Princeton Optronics will develop a low-cost, high-temperature capable laser ignition system which can be mounted directly on the engine heads of stationary natural gas engines, just like regular spark plugs are today. This will be done using a newly developed high-temperature Vertical Cavity Surface Emitting Laser (VCSEL) pump combined with a solid-state laser gain material that can operate at temperatures typically experienced on a stationary natural gas engine. The key innovations of this project will allow the laser pump and complete laser ignition system to deliver the required pulse energy output at the engine block temperature and create a solution that is entirely exchangeable with a conventional spark plug. This avoids the need for an expensive and complicated fiber optics system to deliver the laser energy to the engine's combustion chamber from an off-board, cooled location. If successful, the high temperature laser ignition system will provide a reliable solution to extend the lean limit of combustion and increase the efficiency of stationary natural gas engines, resulting in significant fuel savings and emissions reductions.

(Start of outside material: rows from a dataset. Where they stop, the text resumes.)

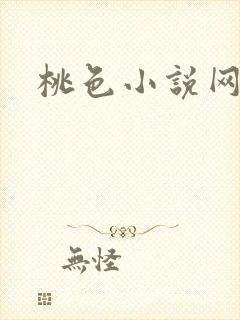 桃色小说网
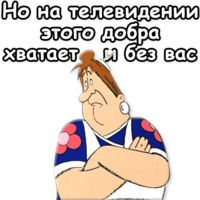 Малыш и Карлсон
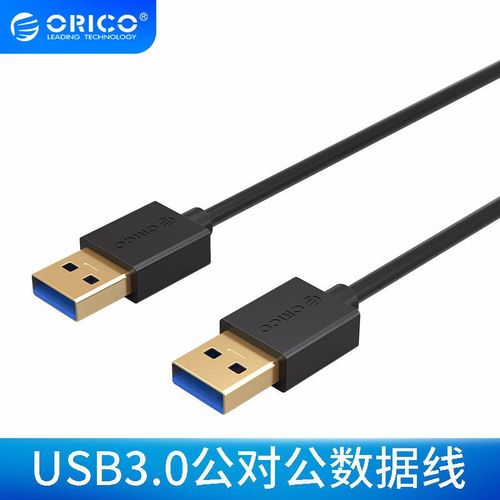 三星移动硬盘USB 3.0接口：数据传输的关键与局限？  第2张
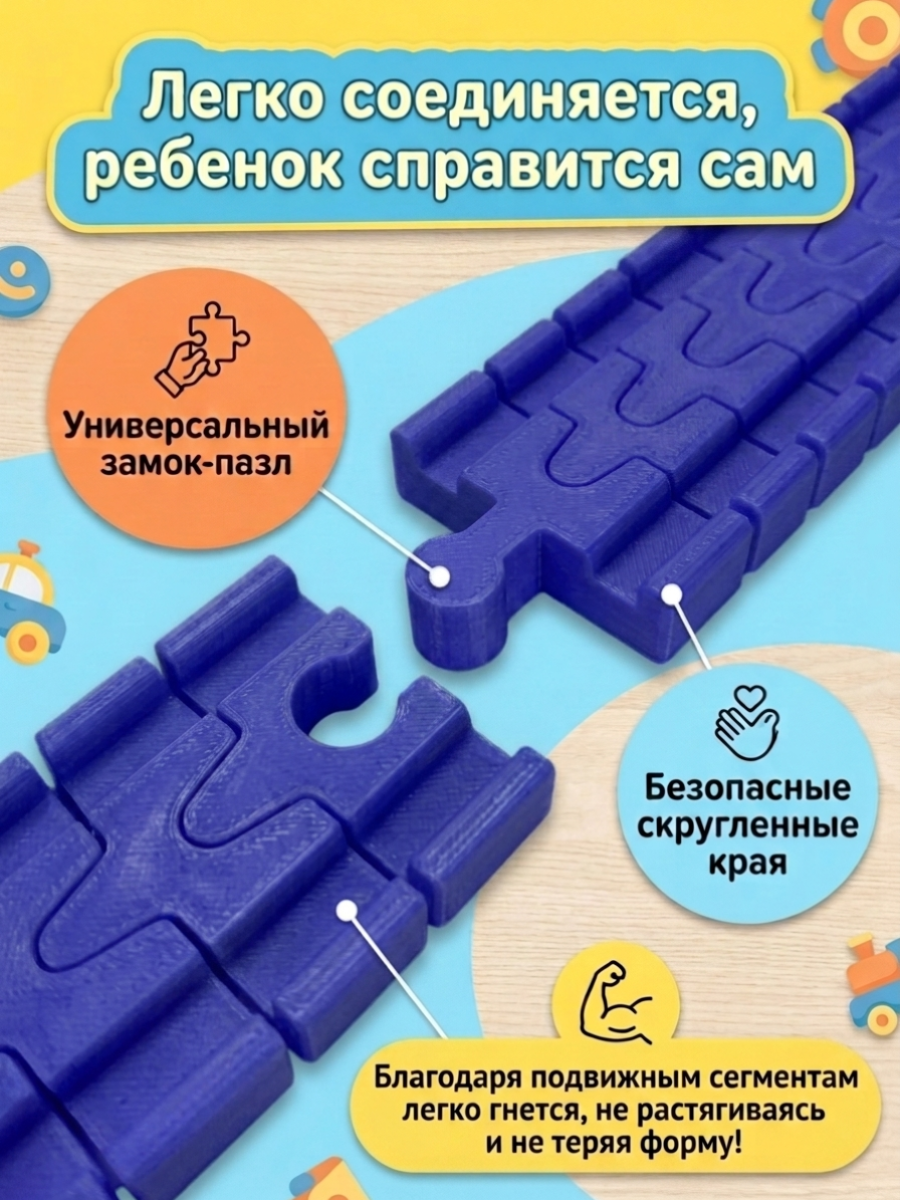 Дополнительные элементы Liquid Form 23 см 0010126 - фото 8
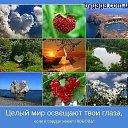 ���� �������, ����� - ��������� 6 ������ 2013 � ������ ���� ����������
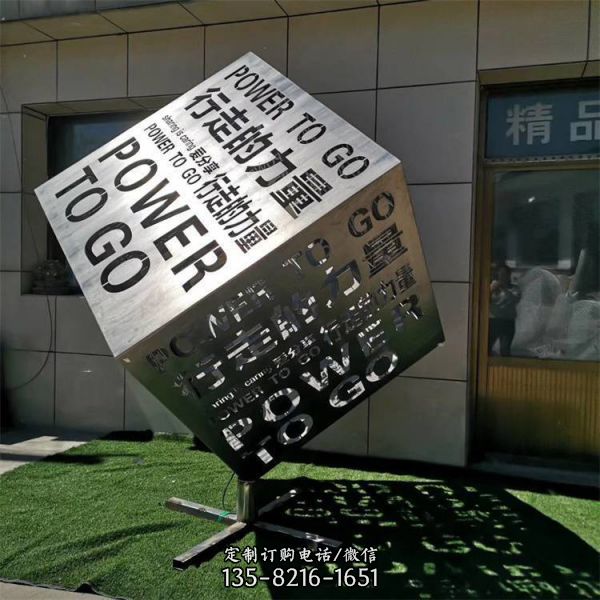 校園廣場不銹鋼鏤空園林景觀魔方雕塑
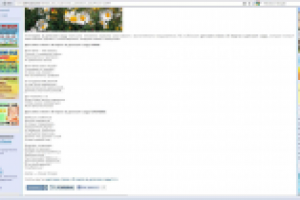 Детские стихи к 8 марта в детском саду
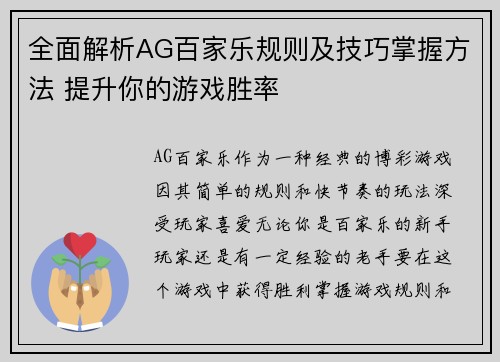 全面解析AG百家乐规则及技巧掌握方法 提升你的游戏胜率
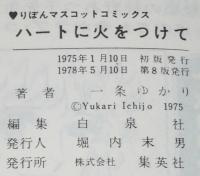 一条ゆかり　ハートに火をつけて　りぼんマスコットコミックス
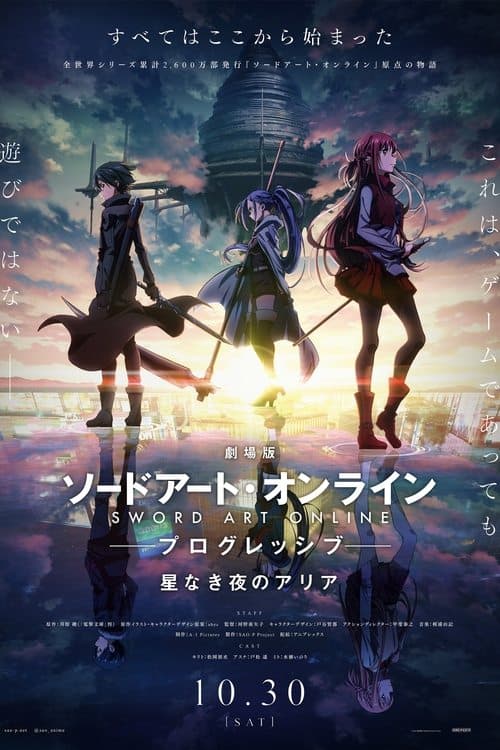 Sword Art Online: Progressive Movie - Hoshi Naki Yoru no Aria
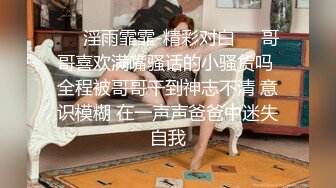 [MP4]两个小辫子超级清纯系兼职大学生妹子&nbsp;&nbsp;情趣酒店大圆床开啪&nbsp;&nbsp;舔奶揉穴穿上肉丝 打桩机骑乘爆插&nbsp;&nbsp;操的妹子啊啊直叫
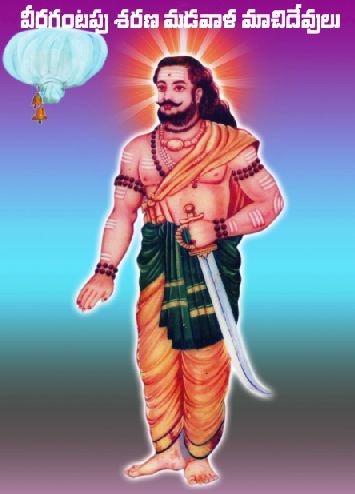Madivala Machideva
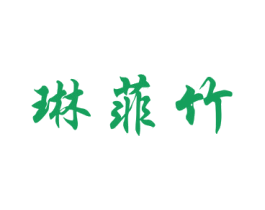 琳菲竹 第25类服装鞋帽商标图样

Tetramer Technologies, L.L.C.

Novel High Peformance Anionic Exchange Membranes with Enhanced Stability High Temperatures

Tetramer Technologies will develop an anion exchange membrane (AEM) as an alternative to proton exchange membranes (PEM) for use in fuel cells and electrolyzers. The team will test a newly developed AEM for stability in alkaline conditions at a temperature of 80°C, enhanced ion conductivity, controlled membrane swelling, and other required properties. Industry has not yet achieved a cost-effective, commercially viable AEM with long-term chemical and physical stability. If such AEMs could be developed, then AEM-fuel cells could use inexpensive, non-precious metal catalysts, as opposed to expensive metal catalysts like platinum. Platinum in PEM fuel cells accounts for close to 50% of the total fuel cell stack cost at high volume, while the acid-resistant bipolar plates account for an additional 22% of the total stack cost. In alkaline conditions, switching precious metals for cheaper metal catalysts could reduce stack costs by an estimated 50%, which would result in a 25% lower overall vehicle fuel cell system cost. If successful, the team's polymers could produce a pathway toward dramatically cheaper fuel cells that exhibit comparable or better performance to today's fuel cells.

University of Delaware

Quaternary Phosphonium Based Hydroxide Exchange Membranes

The University of Delaware (UD) is developing a new fuel cell membrane for vehicles that relies on cheaper and more abundant materials than those used in current fuel cells. Conventional fuel cells are very acidic, so they require acid-resistant metals like platinum to generate electricity. UD is developing an alkaline fuel cell membrane that can operate in a non-acidic environment where cheaper materials like nickel and silver, instead of platinum, can be used. In addition to enabling the use of cheaper metals, UD's membrane is 500 times less expensive than other polymer membranes used in conventional fuel cells.